Efforts to predict future needs based on one or two metrics invariably fail. Far more revealing are things like current and historical server configurations, the depth of consumed resources—like memory, CPU and storage, and user-agented business transactions.
Evaluating this data can provide the predictive signposts managers need to add or withdraw CPUs to enhance performance. Managers should be warned that servers with little or no historical data can skew results. A sudden variance off baselines—like growth rates and resource consumption forking away from each other—can affect forecasts, which should parallel current as well as historical business transactions.
The goal here is to determine how a data center’s business eats up its resources and how fluctuating markets might drive changes that affect them. This is where today’s powerful analytical tools come in to play, giving managers a periscopic view of cyclical trends, baseline shifts, deleting anomalies, hardware upgrades (or downgrades), correlating costs and grouping reports. Tools at this level can smooth the waters for seasonal demand spikes and other unpredictables. It can provide much-needed control over capital expensing in that purchases can be based on real business demands.
Committing a data center’s resources can be risky without the right planning tools. Today’s more modular, distributed infrastructures leave traditional capacity planning efforts in the slow lane. To ensure resources keep pace with demand, data centers must automate forecasting and institute weekly or even daily reporting, Data points and metrics must be monitored and analyzed to predict capacity and system availability at any given time.
Managers must be able to run various what-if scenarios to give them a heads up on the exact requirements their center needs to reduce cost and risk. It’s critically important that managers be able to make sense of the silos of data migrating through their hardware. Tools that help partition and present this information are needed, so that capacity planners can dashboard it with metrics that the organization can strategically use.
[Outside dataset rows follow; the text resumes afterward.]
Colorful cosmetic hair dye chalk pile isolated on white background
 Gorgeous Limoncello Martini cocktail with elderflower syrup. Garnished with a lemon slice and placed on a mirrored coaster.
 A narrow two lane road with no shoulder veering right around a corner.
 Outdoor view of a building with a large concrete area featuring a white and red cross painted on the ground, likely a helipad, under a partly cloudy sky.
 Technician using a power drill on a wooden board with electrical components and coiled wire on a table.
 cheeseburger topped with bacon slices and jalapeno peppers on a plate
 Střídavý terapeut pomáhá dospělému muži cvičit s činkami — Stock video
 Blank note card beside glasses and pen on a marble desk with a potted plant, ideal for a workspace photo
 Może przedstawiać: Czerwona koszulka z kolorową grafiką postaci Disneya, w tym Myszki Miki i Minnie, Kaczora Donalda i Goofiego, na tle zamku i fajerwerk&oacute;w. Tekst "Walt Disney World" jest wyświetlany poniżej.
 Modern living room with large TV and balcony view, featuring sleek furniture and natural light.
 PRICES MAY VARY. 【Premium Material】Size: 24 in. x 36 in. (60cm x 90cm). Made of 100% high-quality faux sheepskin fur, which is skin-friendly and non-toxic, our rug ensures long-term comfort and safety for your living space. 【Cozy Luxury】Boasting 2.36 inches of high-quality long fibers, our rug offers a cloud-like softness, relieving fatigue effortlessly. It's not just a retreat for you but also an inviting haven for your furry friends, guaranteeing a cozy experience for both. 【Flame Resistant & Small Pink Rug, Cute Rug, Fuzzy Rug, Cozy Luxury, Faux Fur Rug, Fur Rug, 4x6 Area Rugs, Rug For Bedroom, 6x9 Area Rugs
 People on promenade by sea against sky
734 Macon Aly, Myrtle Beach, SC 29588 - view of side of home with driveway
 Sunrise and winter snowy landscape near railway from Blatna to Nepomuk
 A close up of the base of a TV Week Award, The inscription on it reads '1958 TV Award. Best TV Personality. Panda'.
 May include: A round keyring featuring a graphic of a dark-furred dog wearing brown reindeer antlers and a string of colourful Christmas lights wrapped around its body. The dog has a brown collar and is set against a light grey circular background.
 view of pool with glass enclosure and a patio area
It’s no surprise that many data centers are morphing into lean, efficient assets, especially as they embrace cloud computing, self-provisioning entities, colocation, and emerging technologies. To fully exploit these technologies, CIOs will have to increasingly rely on powerful DCIM tools. These will be needed to monitor and optimize the new data center work environment built around less human intervention.
Understandably, business functions have differing measurable service units. Data centers will generally enable a specific unit of capacity based on the needs of a user. Armed with the right DCIM tools, managers can continually improve their data center’s cost efficiency. The goal is not to reduce spending but to get more performance for what is being spent. Expenditures may fall for a given number of service units, but the goal is to improve service per workload.